» Problem to work on
Given the entries that follow, write out exactly the lines starting at the one containing "Scripted Class |" and ending at the one containing "Image of Aviator", both ends included, and only those.

» Data under study
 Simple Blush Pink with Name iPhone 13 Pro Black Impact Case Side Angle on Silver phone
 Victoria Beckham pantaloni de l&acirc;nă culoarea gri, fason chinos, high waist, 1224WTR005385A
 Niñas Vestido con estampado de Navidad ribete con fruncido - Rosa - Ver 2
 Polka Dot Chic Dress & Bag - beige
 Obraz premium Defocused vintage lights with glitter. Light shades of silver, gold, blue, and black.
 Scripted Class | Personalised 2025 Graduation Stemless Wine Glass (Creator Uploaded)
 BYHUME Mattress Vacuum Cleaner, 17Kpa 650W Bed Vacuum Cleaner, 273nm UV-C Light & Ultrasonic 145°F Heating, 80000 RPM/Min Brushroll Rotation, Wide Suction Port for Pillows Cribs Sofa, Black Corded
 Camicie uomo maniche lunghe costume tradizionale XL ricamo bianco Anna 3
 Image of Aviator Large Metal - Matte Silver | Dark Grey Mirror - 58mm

* * *

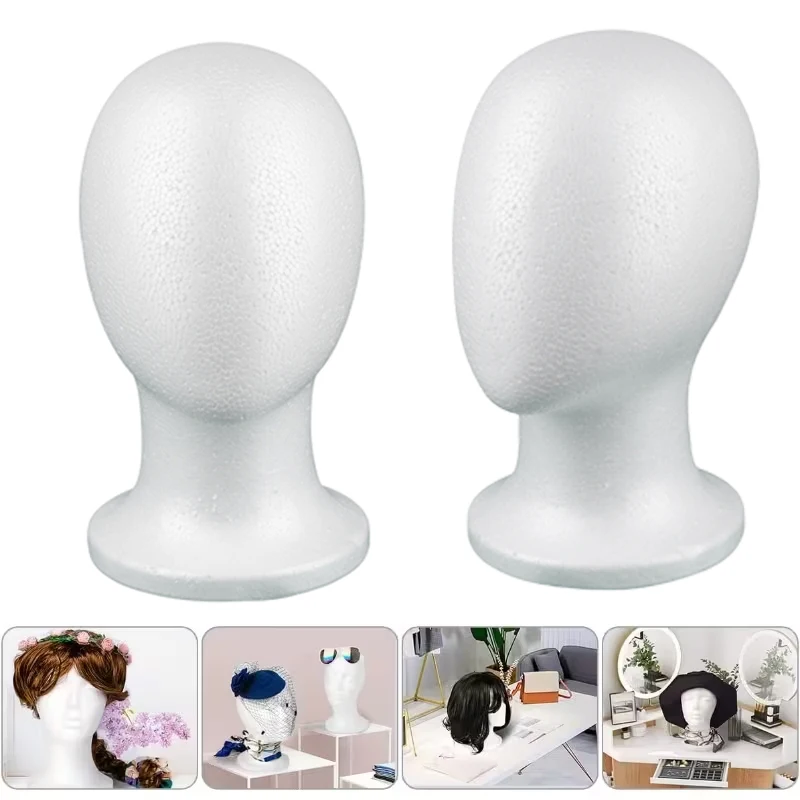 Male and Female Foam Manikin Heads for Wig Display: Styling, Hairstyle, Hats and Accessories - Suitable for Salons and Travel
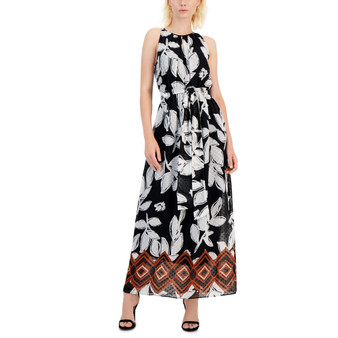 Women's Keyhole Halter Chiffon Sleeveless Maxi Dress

» Exercise result
 Scripted Class | Personalised 2025 Graduation Stemless Wine Glass (Creator Uploaded)
 BYHUME Mattress Vacuum Cleaner, 17Kpa 650W Bed Vacuum Cleaner, 273nm UV-C Light & Ultrasonic 145°F Heating, 80000 RPM/Min Brushroll Rotation, Wide Suction Port for Pillows Cribs Sofa, Black Corded
 Camicie uomo maniche lunghe costume tradizionale XL ricamo bianco Anna 3
 Image of Aviator Large Metal - Matte Silver | Dark Grey Mirror - 58mm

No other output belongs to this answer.